VENTO E SOL COMO ALTERNATIVAS

Com uma das energias mais caras do mundo, investimentos em fontes renováveis são estratégicos para o país otimizar sua economia

O Brasil tem uma das energias mais caras do mundo: R$ 402,26 por megawatt (MW) / hora. O que significa um valor 46% superior à média praticada. Neste preço estão incluídos altos impostos e o custo elevado de operação das usinas hidrelétricas e termelétricas. Só para dar uma noção do quanto custa nossa energia, enquanto no Brasil a unidade do gás sai a 25 dólares, nos Estados Unidos a mesma unidade vale 2,8 dólares.

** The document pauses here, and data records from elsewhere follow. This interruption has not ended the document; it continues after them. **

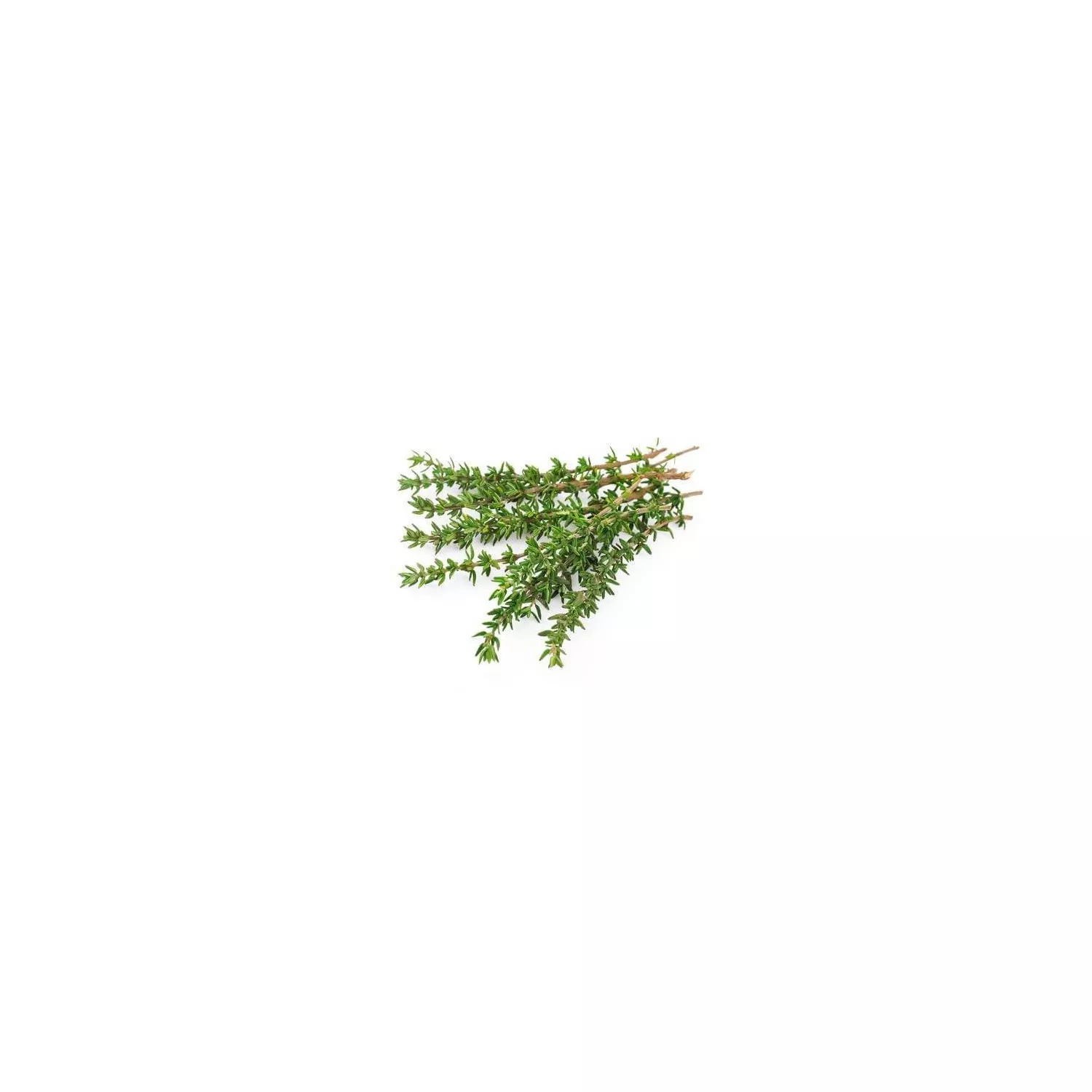THYM À THYMOL - Huile essentielle BIO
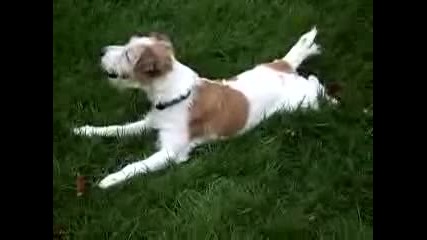 Jack Russell Terrier - стоика за милиони! 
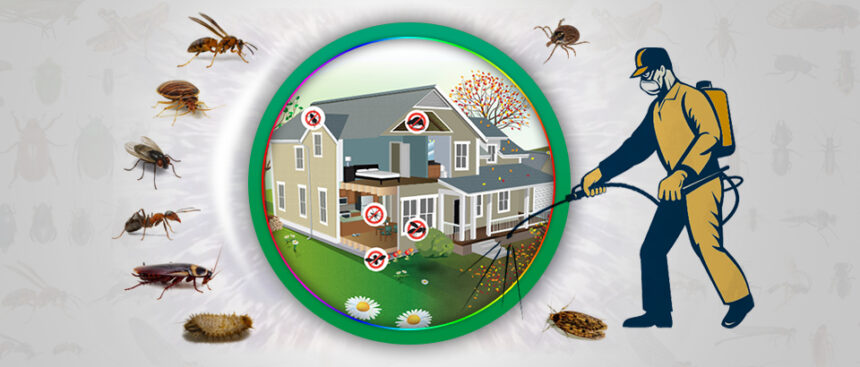 pest control lahore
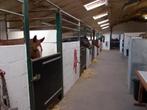 Boxes "all in" pour chevaux à louer dans écurie privée BWal., Animaux & Accessoires, Box & Pâturages, Mise à l'étable, 4 chevaux ou poneys ou plus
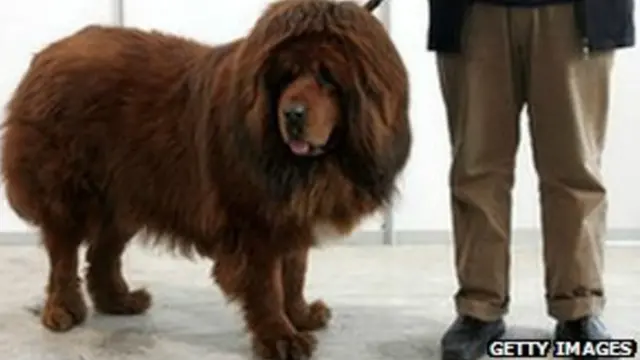 तिब्बती नस्ल का कुत्ता.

“Uma das maneiras do país baratear sua energia, ser energeticamente mais eficiente, otimizar a economia e tornar sua produção mais sustentável é o investimento em escala industrial nas fontes renováveis e limpas como o sol, a energia eólica e a biomassa”, avalia um dos participantes do 10º Sustentar – Fórum pelo Desenvolvimento Sustentável -que será realizado dia 29 de agosto, na sede da Fundação Dom Cabral (FDC), em Alphaville, Eduardo Nery. Ele é diretor da Energy Choice, empresa de consultoria na área de energia.
Segundo Nery, mesmo sendo o Brasil o país com uma das melhores insolações do mundo, ainda não temos incentivos do poder público para a instalação de fábricas de equipamentos de grande porte para usinas solares. Muito menos regulamentação para os fabricantes de kits portáteis que podem ser adquiridos em lojas especializadas para serem montadas nos telhados, a exemplo do que já acontece em países como a Alemanha. “O potencial brasileiro para a geração de energia por meio da radiação solar é de pelo menos 10 mil MW/ano. Mas estamos operando em apenas 1 mil MW/ano”, assinala o especialista.
O que é um desperdício. A Alemanha, que tem uma insolação uma vez e meia inferior à brasileira, já tem 70% de sua energia baseada na radiação solar. E por meio da geração distribuída, com pequenas usinas fotovoltaicas instaladas nos telhados das casas, os consumidores são também produtores de energia. “O que é uma forma de desonerar o estado”, assinala o consultor.
No Brasil, país do futuro sempre distante, é da iniciativa privada que vem, segundo Nery, o grande volume de inovações, soluções e investimentos que podem tornar o país mais eficiente energicamente, gerando um ciclo de sustentabilidade. “Já temos tecnologia suficiente para substituição de sistemas como o ar-condicionado e do transporte movido à combustíveis fósseis. O carro elétrico, que não libera gás carbônico e, consequentemente não polui nem contribui para o efeito estufa, já é uma realidade”, diz o consultor, referindo-se à lei aprovada no Reino Unido que proíbe a venda de carros movidos à gasolina a partir de 2040.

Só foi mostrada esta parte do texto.